Because physical motion is imprecise, if position feedback were
not provided, a steadily degrading consistency between the
controller’s coordinates for the robot and the robot’s actual
position might result in the robot being commanded into a solid object.
Feedback information also addresses latency.
If feedback inputs arrive before the latency period for a command
has elapsed, it is possible that the input is spurious. Another
completeness criterion suggests that all outputs must be reversible.
With rare exception, any command that can be given to a system by
a software controller should be reversible.
The output specification format of SpecTRM-RL includes an
attribute for describing what output reverses the action taken.
The description of “Move Relative” (figure 3) shows that the
“Stop” command can be used to stop motion.
Using the triggering condition tables and working backward into
the model, it is also possible to use these outputs to verify another of
the criteria: if one output is to reverse another, there must be a path
through the state space between them. The
triggering condition AND/OR table is a useful tool itself for applying
completeness criteria. The
criteria assert that reachable hazardous states should be eliminated
whenever possible. When
they cannot be eliminated, their frequency and duration should be
reduced as much as possible. The
triggering condition is a guard condition on the production of the
output. Because of SpecTRM-RL’s readable syntax, these guard
conditions can be reviewed by domain experts to ensure that an output
cannot be produced under circumstances that make the output behavior
hazardous. Modes:
Modes represent a collection of system behaviors.
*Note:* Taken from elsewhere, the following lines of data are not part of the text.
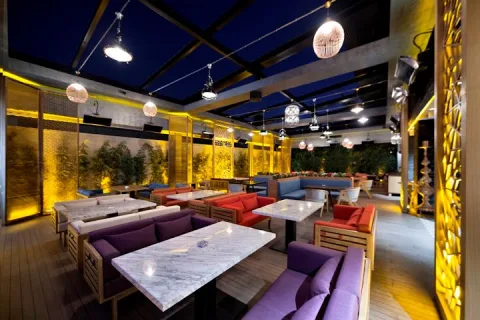 ps lounge في ايتلر, Beşiktaş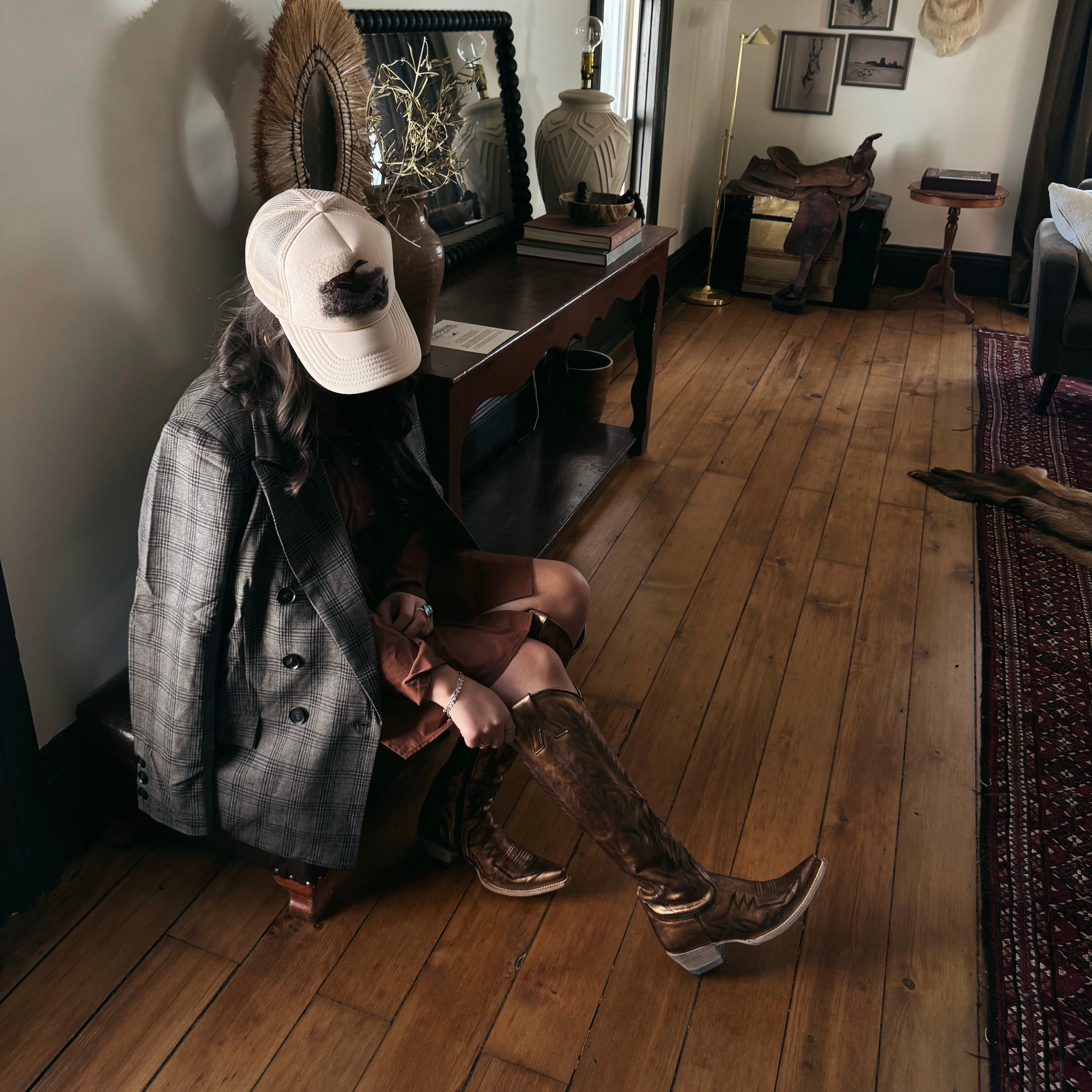 Mayra [Jena's Version] - Slim Calf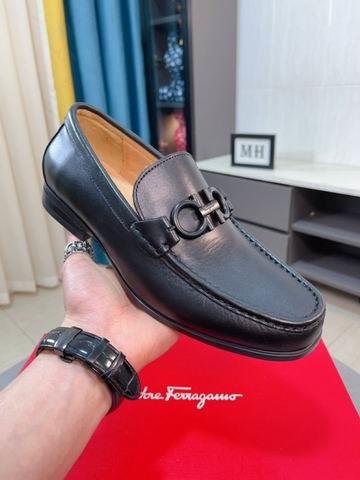Replica Ferragamo Shoes Ferragamo sz38-44 mnh0316
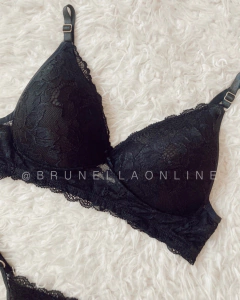 Imagen de Conjunto encaje armado 3 colores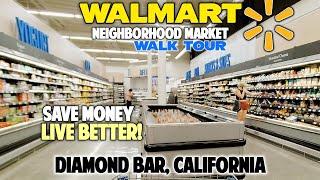 Shopping at Walmart Neighborhood Market: A Savvy Shoppers' Experience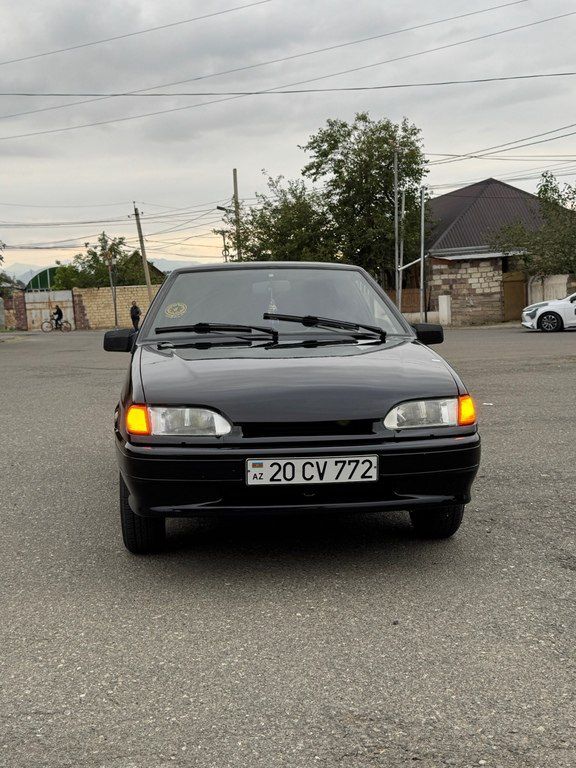 Lada (VAZ) 2115, 1.6 L, 2011 il, 200 000 km — Avtomobillər, Göygöl (2)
For example, if the industrial robot is in operator control mode,
it will behave differently than when it is in computer control mode.
Mode behavior, particularly regarding mode transitions and mode
confusion, has contributed to a number of accidents.
SpecTRM-RL specifies modes as shown in figure 4.
Figure
4 – SpecTRM-RL Mode Specification There
are fewer attributes at the beginning of mode specifications than there
are for outputs. The
references attribute is filled in with a list of all the elements of the
model that are used in the definition of the control mode.
While manual maintenance of these lists might grow tedious, they
can be automatically generated by tools.
The model element names listed in the references section can be
turned into hyperlinks by most editors, allowing easy navigation around
the model. By providing an easy navigation path through related model
elements, the references list can aid in checking any of the
completeness criteria that involve multiple model elements.
For example, one criterion states that all information from
sensors should be used in the SpecTRM-RL model.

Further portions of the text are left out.